• **ASSIGNMENT**:
Look through the records below and give the number of lines holding the string "kahve", nothing more.

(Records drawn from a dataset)
--- START ---

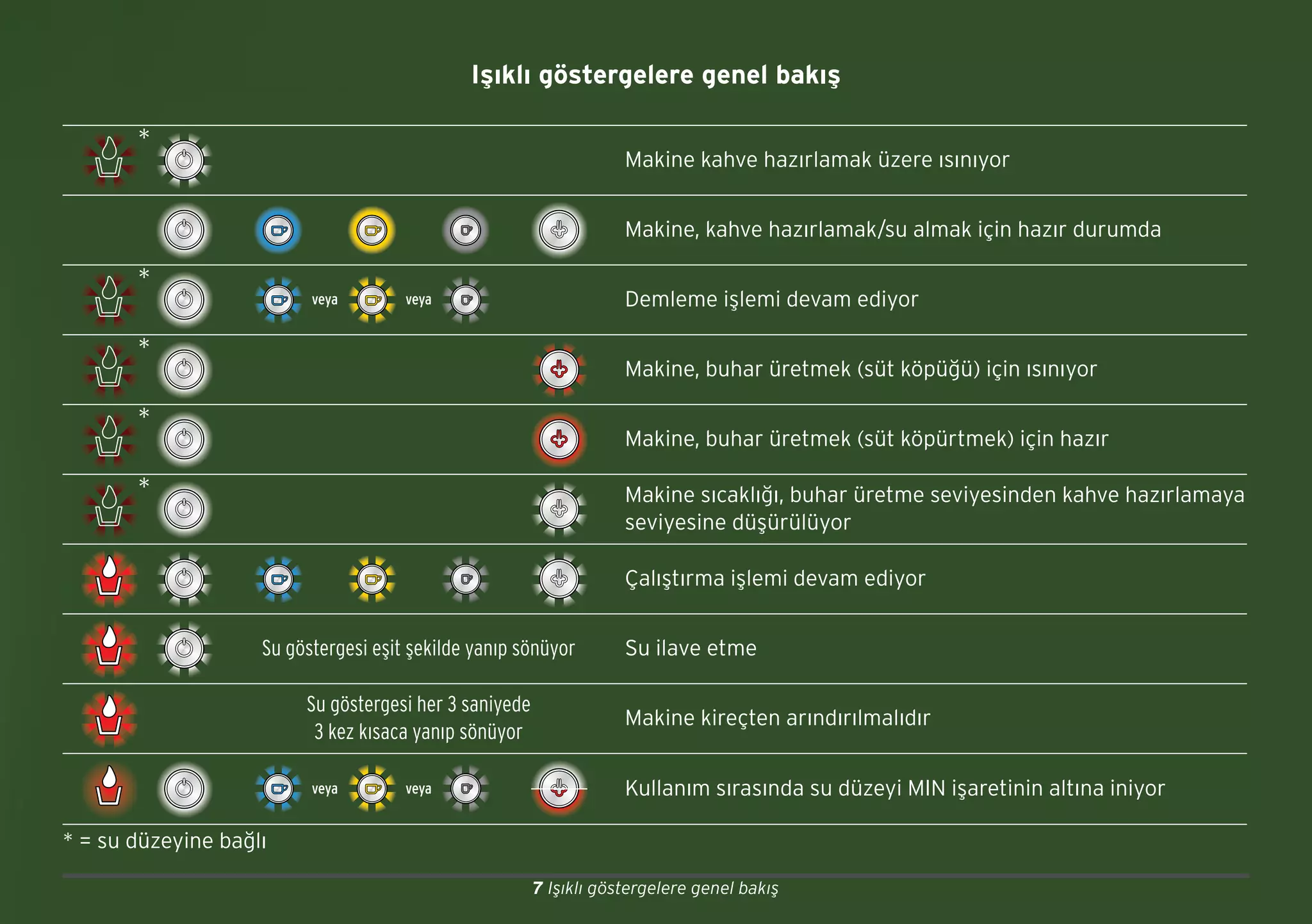 7 Işıklı göstergelere genel bakış
Işıklı göstergelere genel bakış
*
Makine kahve hazırlamak üzere ısınıyor
Makine, kahve hazırlamak/su almak için hazır durumda
*
veya veya Demleme işlemi devam ediyor
*
Makine, buhar üretmek (süt köpüğü) için ısınıyor
*
Makine, buhar üretmek (süt köpürtmek) için hazır
* Makine sıcaklığı, buhar üretme seviyesinden kahve hazırlamaya
seviyesine düşürülüyor
Çalıştırma işlemi devam ediyor
Su göstergesi eşit şekilde yanıp sönüyor Su ilave etme
Su göstergesi her 3 saniyede
3 kez kısaca yanıp sönüyor
Makine kireçten arındırılmalıdır
veya veya Kullanım sırasında su düzeyi MIN işaretinin altına iniyor
* = su düzeyine bağlı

--- END ---

• **ANSWER TO THIS PROBLEM**:
3